Wednesday, June 20, 2012

Soong Dhang Laymo


In Tibet, speaking the words "Dalai Lama" is a severely punishable offense. Patrick French's work, Tibet, Tibet gives life to true popular accounts of families' sacred possessions and utterances, pictures of His Holiness and prayers for his safety and long life, being kept and spoken in utmost secrecy from fear of government harassment. This being the case, a culture of code words has grown up in the Tibetan homeland, and poems and songs with seemingly innocuous texts brim with covert nationalistic pride and secret devotion to their religion and its arbiter, His Holiness.

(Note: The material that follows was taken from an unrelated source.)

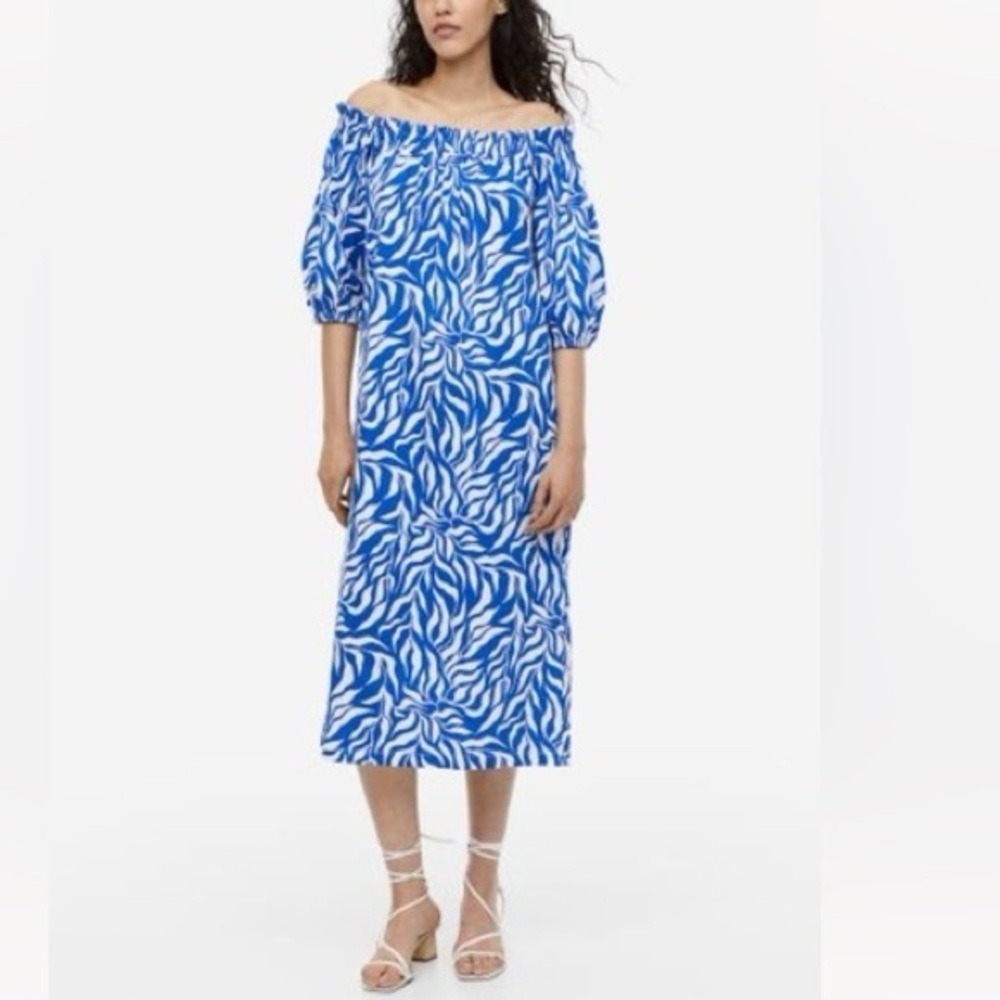 H&M Blue Paisley Print Off Shoulder Dress Boho Vacation Carmen Bardot Size Small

Soong Dhang Laymo is one of these songs. From what I've come to learn, it was actually written some time before the occupation of Tibet, and has taken on a new life and meaning in the last 60 years, with a special resurgence occurring in the last year or so. The song is about the "Yishi Norbu," the precious jewel of the Norbulingka. The meaning is something along the lines of, "if His Holiness isn't the precious jewel, then who or what is? It's not the grand buildings, the artwork, gardens, and statues, that make Tibet's sacred city sacred. It is the Lama that graces them, and for whom they were all made." For the Tibetans in exile, it serves both as a song of longing for their ancestral home and freedom as well as a song of comfort for the great blessing they have in the current Dalai Lama, who lives among them in exile. In the person of the Dalai Lama, there is a spiritual and cultural center powerfully active even in the absence of an accessible physical center.

And, in a few weeks (if all goes well), I get to play the traditional version of this song, for vocal and dranyen, at the Dalai Lama's Palace in Bylakuppe for his birthday. The next day I will be playing it for the SOS TCV school, where I have been trading drum lessons for dranyen lessons for the last week and a half.

This has been quite the experience. There are two talented and passionate music teachers at the TCV (Tibetan Children's Village) school. One is about my age, maybe a few years older, and the other is in his late thirties/early forties. They are both graduates of TIPA, the Tibetan Institute of Performing Arts, and as such are schooled in all aspects of Tibetan musical culture - dance, instruments, and singing. My friend and host, Namgyal, introduced me to them through one of the cooks, and it's been a blast ever since. Sitting in this little stone room hour after hour for days on end, learning all about Tibetan music and teaching Western drum set, is a dream come true. Sometimes I run down a mental list of what is happening right now: I'm living in the jungle in South India, in a village of Tibetans, playing protest and devotional music on an ancient instrument, getting ready to perform for the birthday of a living god, and I'm with my sweetheart the whole time. This little blue and green ball we live on is quite the place.

When I get some pictures of the Palace and the TCV, I'll upload them to this post. In the meantime, listen to this cat:
http://grooveshark.com/#!/artist/Kailash+Kher/17712

Namgyal hipped me to this dude. He's kind of a gypsy Sufi renegade. Dig.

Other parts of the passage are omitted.